掘っ建て小屋ガレージの耐久性を検証する

 さて、取り壊された掘っ建て小屋ガレージ。このガレージは前述の通り足場パイプで骨組みを組んで、それに塩ビ製の浪板をつけた簡単なものだった。結論から言うと、掘っ建て小屋ガレージは完成から取り壊しまでの3年間、無事に役目を果たすことが出来た。以下、各部の詳細を見てみる。


1.塩ビ浪板の耐久性

 掘っ建て小屋ガレージの建設を計画するとき、一番悩んだのが浪板の材質である。耐久性はあるが高価なガラス繊維入りのものにするか、安価だが耐久性のない塩ビ製にするか・・・結局はコストを重視したことと、最近の技術の進歩により塩ビとはいえ耐久性が改善されているであろうという希望的観測もあり、塩ビ製にした。






 ではどうなったか。結局のところ、耐久性に大幅な改善はみられなかった。写真をみれば分かるとおり、色あせてしまっている。上の写真が建造当時のもの、下が取り壊し直前のものである。下の写真に矢印があるが、これはガラス繊維入り高級浪板で、耐久性比較検証用に一部分にだけ使用したものだ。上下の写真を比較すると、塩ビ製浪板の変色が激しいことがわかる。それに対し、ガラス繊維入りの浪板には変色がほとんど見られない。以上の結果から、塩ビ製浪板の耐久性はやはり悪いことが実証された。
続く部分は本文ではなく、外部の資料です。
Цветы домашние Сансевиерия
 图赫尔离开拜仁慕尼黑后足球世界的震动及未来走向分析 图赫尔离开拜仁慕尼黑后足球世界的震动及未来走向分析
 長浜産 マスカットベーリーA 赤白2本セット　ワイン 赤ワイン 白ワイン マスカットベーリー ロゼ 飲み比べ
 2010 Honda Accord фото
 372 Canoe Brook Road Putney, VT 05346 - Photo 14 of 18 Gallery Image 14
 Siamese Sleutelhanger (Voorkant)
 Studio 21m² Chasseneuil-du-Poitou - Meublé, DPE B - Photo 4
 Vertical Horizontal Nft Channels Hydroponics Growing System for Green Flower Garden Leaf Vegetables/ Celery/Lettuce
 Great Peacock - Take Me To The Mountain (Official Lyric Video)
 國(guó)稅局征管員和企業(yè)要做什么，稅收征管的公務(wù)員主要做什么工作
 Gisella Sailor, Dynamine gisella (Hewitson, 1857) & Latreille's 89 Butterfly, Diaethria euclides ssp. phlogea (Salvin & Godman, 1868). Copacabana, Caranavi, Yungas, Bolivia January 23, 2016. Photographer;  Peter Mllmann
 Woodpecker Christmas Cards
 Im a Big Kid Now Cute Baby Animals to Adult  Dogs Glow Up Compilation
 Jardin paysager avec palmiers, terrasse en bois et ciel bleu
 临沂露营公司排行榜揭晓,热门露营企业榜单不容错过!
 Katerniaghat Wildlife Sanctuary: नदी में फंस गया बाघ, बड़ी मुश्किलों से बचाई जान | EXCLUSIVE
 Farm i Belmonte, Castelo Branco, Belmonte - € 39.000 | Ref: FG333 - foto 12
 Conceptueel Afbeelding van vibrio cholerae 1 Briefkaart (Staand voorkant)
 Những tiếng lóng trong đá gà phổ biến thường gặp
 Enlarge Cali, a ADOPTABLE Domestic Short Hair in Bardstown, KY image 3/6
 ところがである、塩ビ製浪板にすることで予期しなかった副産物が得られた。なんと変色することにより日光の透過率が減少し、その結果車室内温度が上昇しなくなったのである。この現象に気が付いたのは1年目と2年目の夏。1年目は屋根がついたのに車の中がものすごく暑かったのに対し、2年目は涼しかった。つまり1年目の夏で変色してしまい、2年目の夏には温度が上昇しなくなったというわけだ。これは使える。自動車用ガレージには塩ビ製の浪板をおすすめしたい。


建造直後の浪板の様子。かなり光が通っている。


2.浪板用釘の耐久性

 これはもっと耐久性がなかった。浪板と比べて変色は少ないものの、ちょっとさわるだけで欠けた。





 また釘も錆びている。なお、錆びると悪いように聞こえるが、錆びることで釘が膨張し、浪板をしっかり押さえてくれる効果がある。

 下に30年風雨にさらされた浪板用釘の写真を掲載する。著しく劣化していることが分かるが、台風が来てもとりあえずもってくれていた。




 以上、掘っ建て小屋ガレージの耐久性を検証してきた。簡単な屋根でも効果は高いので、余裕のある人は建てた方がよい。